Wednesday, was another crazy day at work. We can't work in the new system yet and we can't use the old one. I can't process anything much. I went to the water class after work and then Carolyn and I swam a little afterward. My arm is limiting my ability to swim. I can swim on my back but I have to limit the range of my strokes. When I went home Kat and I chatted a bit and I went to bed. I was exhausted so I vaguely remember the Spanish language cd beginning and not much else.

And here is it Thursday. I had physical therapy this morning at 7:30. Ultrasound treatment on the deltoid and they put some sort of medicated patch on there afterward. It has a battery in it??!! I am to leave it on for 14 hours. She said if it started to itch or burn a little to take it off immediately. She told me another woman didn't and had a blister there. So of course a few minutes after she put it on me it began to itch terribly. I ignored it and it has subsided. But I wonder if I shall have bionic abilities in that arm? Ouch, no, I don't.

I have to say the ultra sound was astounding. I had immediate reduction in one part of my arm. It didn't last but it was nice.

Friday is right there. But I dread having to come to work. I go through these periods where I'm depressed and want to hide out. I need a recharge and if my life were not so complicated, just being alone for a day would help. But it is too complicated, to filled with dark and biting things and stumbling blocks.

My dream would be to find a small cabin somewhere in the woods and write my days away, spend time with my Sarah, and spend time with the friends I've found this year. Life is far to complicated now. It takes so much effort to get up and get through a day in the asylum. I'm tired of it.

The counselor suggested I look for another job. Honestly, there is so much economic benefit from this one, I'm terrified to do that. I could get something much worse without all the perks of this one. And again, my life is too complicated to even know where to begin.

I will leave you here, with Friday in sight. I do now know if I will be back on tonight or later in the week. At the moment, it is so difficult to even know what to say. I want to sleep and wake up somewhere else. Some place warm and happy.

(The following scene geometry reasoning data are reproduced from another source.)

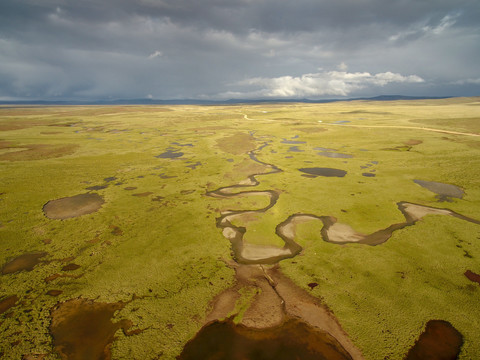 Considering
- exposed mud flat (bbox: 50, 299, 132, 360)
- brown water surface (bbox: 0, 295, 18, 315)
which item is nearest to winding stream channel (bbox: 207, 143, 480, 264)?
exposed mud flat (bbox: 50, 299, 132, 360)

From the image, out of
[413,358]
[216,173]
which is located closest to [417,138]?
[216,173]

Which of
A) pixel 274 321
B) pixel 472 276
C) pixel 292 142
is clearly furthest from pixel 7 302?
pixel 292 142

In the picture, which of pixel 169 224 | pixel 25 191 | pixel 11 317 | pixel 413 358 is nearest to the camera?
pixel 413 358

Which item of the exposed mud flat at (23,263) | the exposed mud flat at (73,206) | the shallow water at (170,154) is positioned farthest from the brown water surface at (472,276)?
the shallow water at (170,154)

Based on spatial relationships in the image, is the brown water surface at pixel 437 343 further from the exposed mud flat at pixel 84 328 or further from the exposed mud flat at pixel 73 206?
the exposed mud flat at pixel 73 206

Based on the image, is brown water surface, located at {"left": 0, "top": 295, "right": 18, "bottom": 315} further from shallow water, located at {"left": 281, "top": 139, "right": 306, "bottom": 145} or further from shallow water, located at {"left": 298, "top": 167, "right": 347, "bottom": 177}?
shallow water, located at {"left": 281, "top": 139, "right": 306, "bottom": 145}

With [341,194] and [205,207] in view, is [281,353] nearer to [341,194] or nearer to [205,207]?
[205,207]

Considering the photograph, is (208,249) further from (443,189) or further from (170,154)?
(170,154)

I must say a special thank to samadri. She has not been a contact of mine but is of some of you. For the last year I've received four books about journeying through grief. I mentioned them early on and Riete has also quoted them. She remained anonymous while sending them and only today revealed she was the one who had sent them. I am glad she did it that way and I'm glad I know who was responsible. These have been some of the best material I've been given. And believe me, people give you books on grief. But these were hands down the best and they were short and easy to read. I can't thank you enough, samadri.

I shall be going home in half an hour and I want to just lie down and sleep. I'm so tired. And I do not feel that things are better. I get disgusted with people who smile and say, "You're better." They make me angry. I'm not better. I will never be better. I'm in control. In fact, I am exerting so much self control that I can smile back at you rather than slap your silly face. Life has become something divided up into one hour slots. If I manage to have one or more when I do not feel savaged by some beast, I shall feel very fortunate.